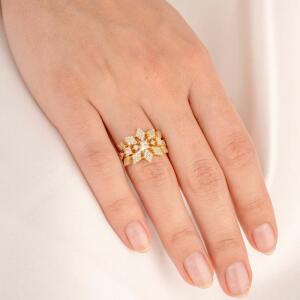 Gold Toned Flora Ring image 0
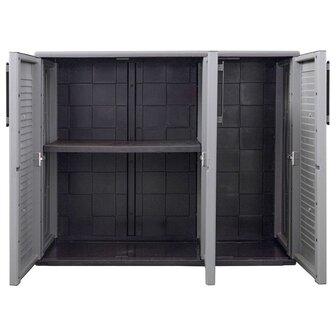 Tuinkast 102x37x84 cm polypropeen grijs en zwart 8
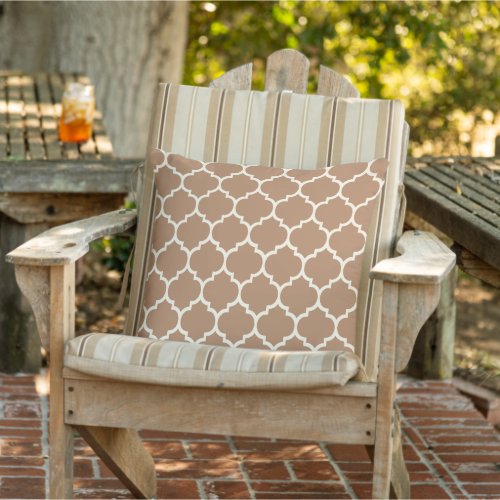 Chic Coffee Brown Ivory Quatrefoil Trellis Pattern Outdoor Pillow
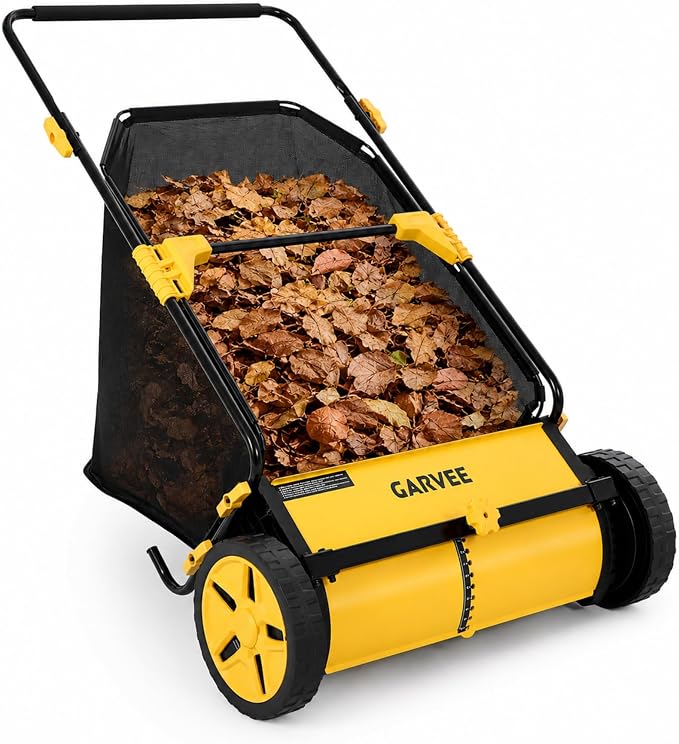 21 Inch Push Lawn Sweeper with 3.5 Cu. Ft. Large Mesh Collection Bag | Heavy Duty Steel Frame, 10" Rubber Wheels, 4 Spinning Brushes, Manual Height Adjustment for Leaves, Grass and Yard Debris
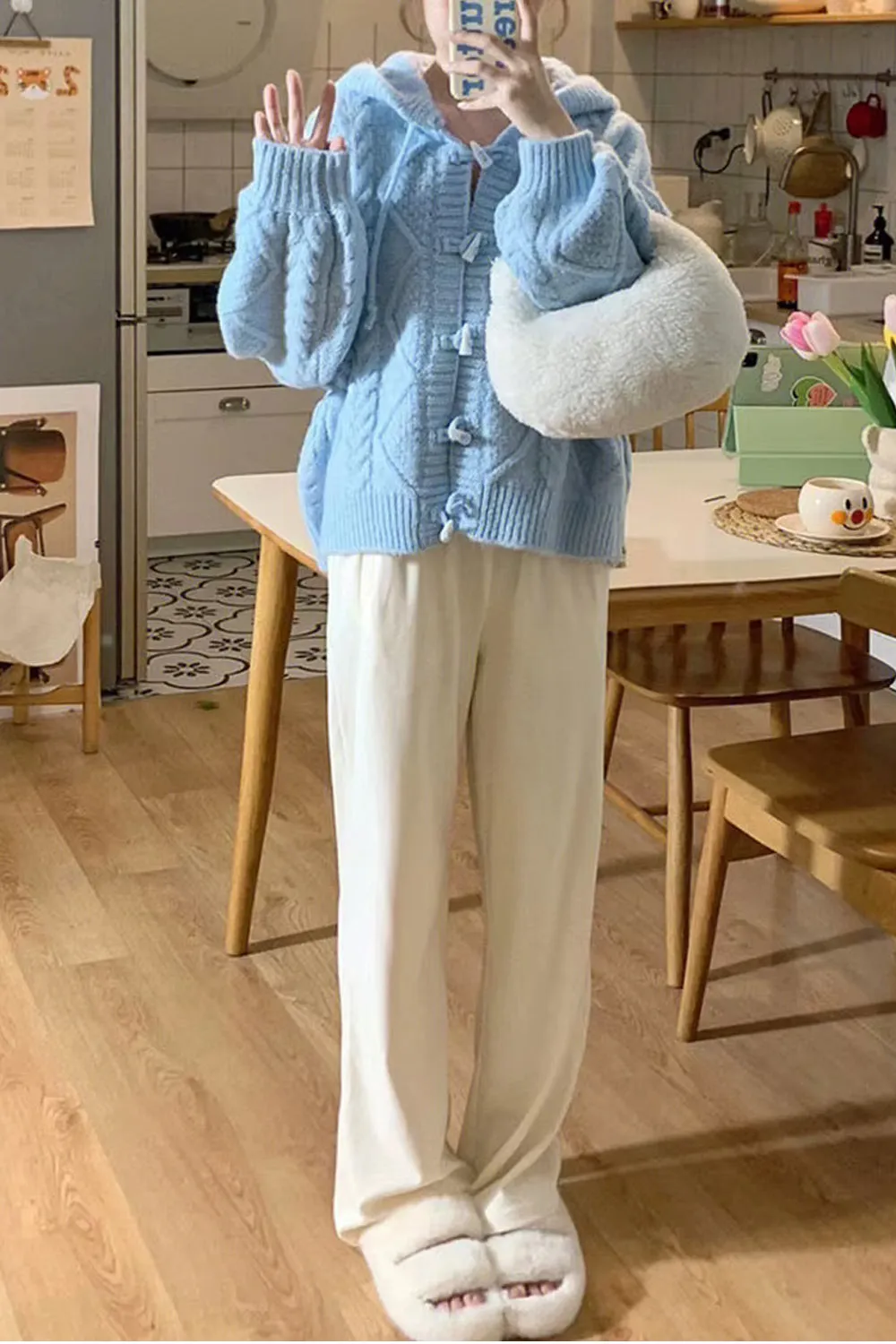 Loose Sweet Knitted Hooded Sweater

Task to complete
Nothing but the lines from the one containing "Chic Coffee Brown" through the end of the listing should be written out, each exactly, and pictures must be left out.

Result for this exercise
 Chic Coffee Brown Ivory Quatrefoil Trellis Pattern Outdoor Pillow
 21 Inch Push Lawn Sweeper with 3.5 Cu. Ft. Large Mesh Collection Bag | Heavy Duty Steel Frame, 10" Rubber Wheels, 4 Spinning Brushes, Manual Height Adjustment for Leaves, Grass and Yard Debris
 Loose Sweet Knitted Hooded Sweater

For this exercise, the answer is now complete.